Let me be clear: I am not saying that ancient texts biblical or otherwise are without value. Human nature has not changed much since Abraham said to Yahweh in the ancient deserts of the Middle East. Modern scholars and psychologists have very keenly pointed out that our ancient forebears often had keen psychological insights and their wisdom has value. The late Idries Shah, infamous Sufi and scholar of Sufism, pointed out that many of the ideas of cosmology and psychology are being rediscovered in this post modern era and being rediscovered, if you will, by the efforts of modern science.
But, it is not this wisdom that concerns me. The fact that we are “rediscovering” it proves its continued relevance and we can take it from a context defined by the time we live in. We don’t need the context of the ancient scriptures which can often be misleading. The problem is when we try to take these ancient texts and use them as a moral template or a complete guide to the wisdom of all time and overlay it on our present day society. We can’t do this without getting “God hates fags” and if Deuteronomy is true, the Judeo Christian god does, indeed, hate the homosexual.
This mistake comes from seeing scripture as the infallible word of God instead of the work of man in search of meaning and order in a troubling and beguiling universe. This mistake is costly to us morally and is quite anti-intellectual. It denies facts and evidence in favor of myth and tradition.

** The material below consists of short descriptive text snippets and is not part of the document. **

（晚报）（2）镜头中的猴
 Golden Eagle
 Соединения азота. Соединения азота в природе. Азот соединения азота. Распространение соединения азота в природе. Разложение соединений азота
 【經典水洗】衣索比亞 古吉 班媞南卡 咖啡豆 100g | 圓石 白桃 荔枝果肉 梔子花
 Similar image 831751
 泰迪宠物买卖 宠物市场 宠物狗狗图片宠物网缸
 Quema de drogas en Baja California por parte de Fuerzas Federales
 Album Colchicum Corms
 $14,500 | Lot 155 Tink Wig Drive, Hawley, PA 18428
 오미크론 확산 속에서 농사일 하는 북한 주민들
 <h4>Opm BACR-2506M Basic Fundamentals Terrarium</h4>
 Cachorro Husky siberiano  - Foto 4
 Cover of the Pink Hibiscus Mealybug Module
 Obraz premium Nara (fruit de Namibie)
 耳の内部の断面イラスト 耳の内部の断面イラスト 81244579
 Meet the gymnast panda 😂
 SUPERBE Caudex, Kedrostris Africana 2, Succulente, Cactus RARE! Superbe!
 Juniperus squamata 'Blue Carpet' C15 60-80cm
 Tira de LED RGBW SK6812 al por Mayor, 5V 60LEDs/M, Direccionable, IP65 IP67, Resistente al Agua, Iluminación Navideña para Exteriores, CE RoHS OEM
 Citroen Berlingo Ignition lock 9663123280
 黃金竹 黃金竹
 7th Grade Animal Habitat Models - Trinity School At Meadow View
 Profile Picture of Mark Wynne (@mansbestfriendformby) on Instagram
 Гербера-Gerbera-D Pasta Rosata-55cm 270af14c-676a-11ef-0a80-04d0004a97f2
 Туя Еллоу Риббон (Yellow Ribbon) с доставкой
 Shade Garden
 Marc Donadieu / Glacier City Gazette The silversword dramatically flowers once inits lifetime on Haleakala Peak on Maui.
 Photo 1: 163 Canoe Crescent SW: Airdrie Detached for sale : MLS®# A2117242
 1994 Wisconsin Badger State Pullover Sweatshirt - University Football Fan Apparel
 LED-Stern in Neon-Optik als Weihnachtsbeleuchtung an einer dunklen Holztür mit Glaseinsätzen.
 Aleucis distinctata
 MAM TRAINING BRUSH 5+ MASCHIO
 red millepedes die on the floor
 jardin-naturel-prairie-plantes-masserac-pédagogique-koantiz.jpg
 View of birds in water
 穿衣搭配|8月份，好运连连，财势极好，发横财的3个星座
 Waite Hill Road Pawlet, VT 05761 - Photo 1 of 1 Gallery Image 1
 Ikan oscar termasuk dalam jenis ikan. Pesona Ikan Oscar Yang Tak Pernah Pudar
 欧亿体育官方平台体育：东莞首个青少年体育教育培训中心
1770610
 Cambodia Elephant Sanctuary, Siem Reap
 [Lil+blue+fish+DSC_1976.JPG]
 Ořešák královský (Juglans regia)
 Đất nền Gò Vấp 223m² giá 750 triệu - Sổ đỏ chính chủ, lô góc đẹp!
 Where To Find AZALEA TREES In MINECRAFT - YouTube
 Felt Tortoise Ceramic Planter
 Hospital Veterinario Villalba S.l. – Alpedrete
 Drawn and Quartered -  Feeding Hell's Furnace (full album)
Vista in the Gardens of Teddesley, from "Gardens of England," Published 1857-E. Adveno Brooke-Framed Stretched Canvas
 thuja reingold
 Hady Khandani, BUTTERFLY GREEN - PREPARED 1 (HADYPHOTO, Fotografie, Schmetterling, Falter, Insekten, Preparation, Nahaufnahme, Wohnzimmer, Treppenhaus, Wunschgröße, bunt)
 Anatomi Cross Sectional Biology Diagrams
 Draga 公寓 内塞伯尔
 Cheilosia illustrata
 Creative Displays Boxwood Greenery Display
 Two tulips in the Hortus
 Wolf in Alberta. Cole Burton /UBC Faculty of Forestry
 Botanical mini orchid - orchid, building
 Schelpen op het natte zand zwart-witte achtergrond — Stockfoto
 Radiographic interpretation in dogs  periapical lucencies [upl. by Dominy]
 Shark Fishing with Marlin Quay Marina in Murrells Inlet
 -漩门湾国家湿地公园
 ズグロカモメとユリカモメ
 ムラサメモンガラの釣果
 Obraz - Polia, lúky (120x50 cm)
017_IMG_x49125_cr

We can’t solve the ethical dilemmas of our time by using outdated moral codes from a culture and time far removed from us. When in 1st Century Palestine do what the 1st Century Palestinians do; when in the twenty first century we must allow the discoveries and scientific evidence to define our ethical stance.
The church will fear this as moral relativism, but what they offer is moral “reactionaryism” that harms more than it helps. Further, each modern day reader places the bible in the cultural context and subtext of our time regardless of how learned they might think they are removing it further from its original context to begin with. The reader will always place it in the context of where they find themselves now, which is why, no matter who scholarly their knowledge their interpretation will differ from those around them, sometimes differing greatly as we can often see in many of our current political debates going on today.